Muchos de ustedes han tenido hijos que se han graduado del Colegio o que lo están haciendo este año y saben que, para los que no son apáticos o indiferentes, el nivel de tensión que sienten durante este segundo semestre es insoportable.
Los menos tienen 16 años, la mayoría está en los 17 y un tercer grupo alcanzó la mayoría de edad. Todos sufren de una grave alteración hormonal.
Hoy, que los exámenes de bachillerato comienzan en todo el país, muchos estudiantes están angustiados, conscientes de que las buenas calificaciones en estas pruebas, más las de los cursos de décimo y undécimo año, son indispensables para obtener un cupo en las universidades públicas.
Esperan los resultados de los exámenes de admisión con una impaciencia propia de su edad. Muchos se angustian con la “terrible” decisión de “¿qué voy a estudiar?”, como si se tratara de un asunto de vida o muerte. La felicidad del resto de sus vidas parece depender de esa elección profesional.
Entre medio, el baile de graduación, el, ojalá posible económicamente, paseo de fin de año, las serenatas y el inicio de una vida adulta los distraen. Los enamoramientos o desenamoramientos empeoran su estado emocional. Si cumplen los 18 en ese lapso, la locura por tener cédula, licencia, nueva cuenta de ahorros y permisos múltiples los vuelve insoportables.
Ahí están, aquellas criaturitas que no podían separarse de nosotros y nos necesitaban para cualquier estupidez, decidiendo toda su vida futura. Uno las mira con congoja sin saber qué consejo darles.
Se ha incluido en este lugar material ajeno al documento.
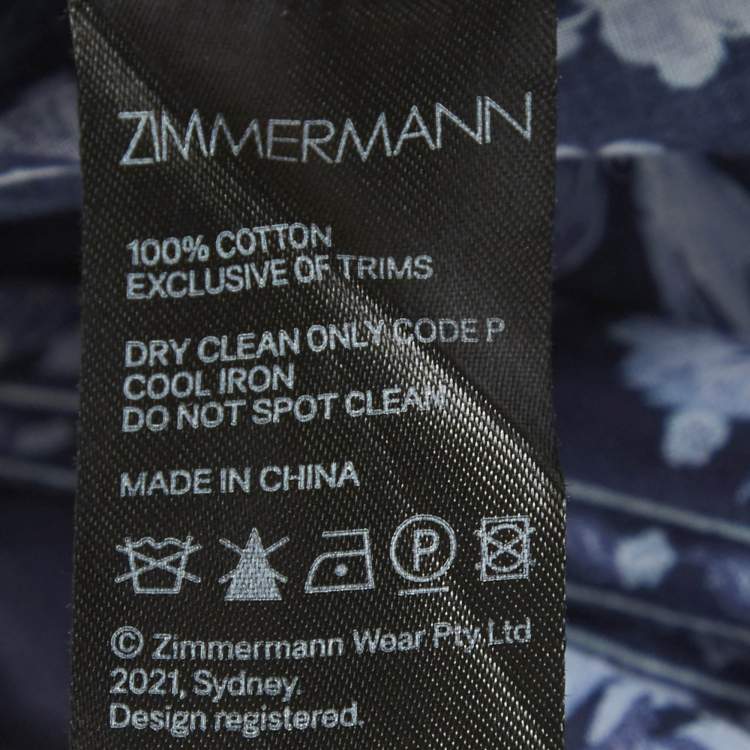 Pre Owned Zimmermann Navy Blue Floral Print Cotton Aliane Frill Wrap Mini Dress M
Y si aún recordamos cómo éramos a esa edad, solo sabemos dos cosas: que se van a equivocar y que se tienen que equivocar.
Uno querría quitarse de encima esa sensación de vértigo inherente al hecho de ser padres. Para las madres de hijas el reflejo es enorme, seguro como para los hombres con sus vástagos. No queremos que cometan nuestros errores y tratamos de prepararlos desde pequeños para que no repitan el esquema. Pero, al mirar atrás, hay muchas opciones que volveríamos a tomar a pesar de los pesares y del desgarramiento.
Y aunque, gracias a la experiencia que vivimos con nuestros hijos, tenemos la capacidad de comprender a nuestros padres, estamos agotados. Porque, aunque los angustiados sean los jóvenes que a esta altura del año soportan con dificultad el estrés, nosotros, los que convivimos con ellos, ¡ya no damos más!
Cuando mi hija Manuela era pequeñita solía decirme que yo era su mamá preferida. Yo me preguntaba: ¡¿dónde están las otras para que vengan a reemplazarme un ratito?! Todavía estoy esperando que aparezca alguna.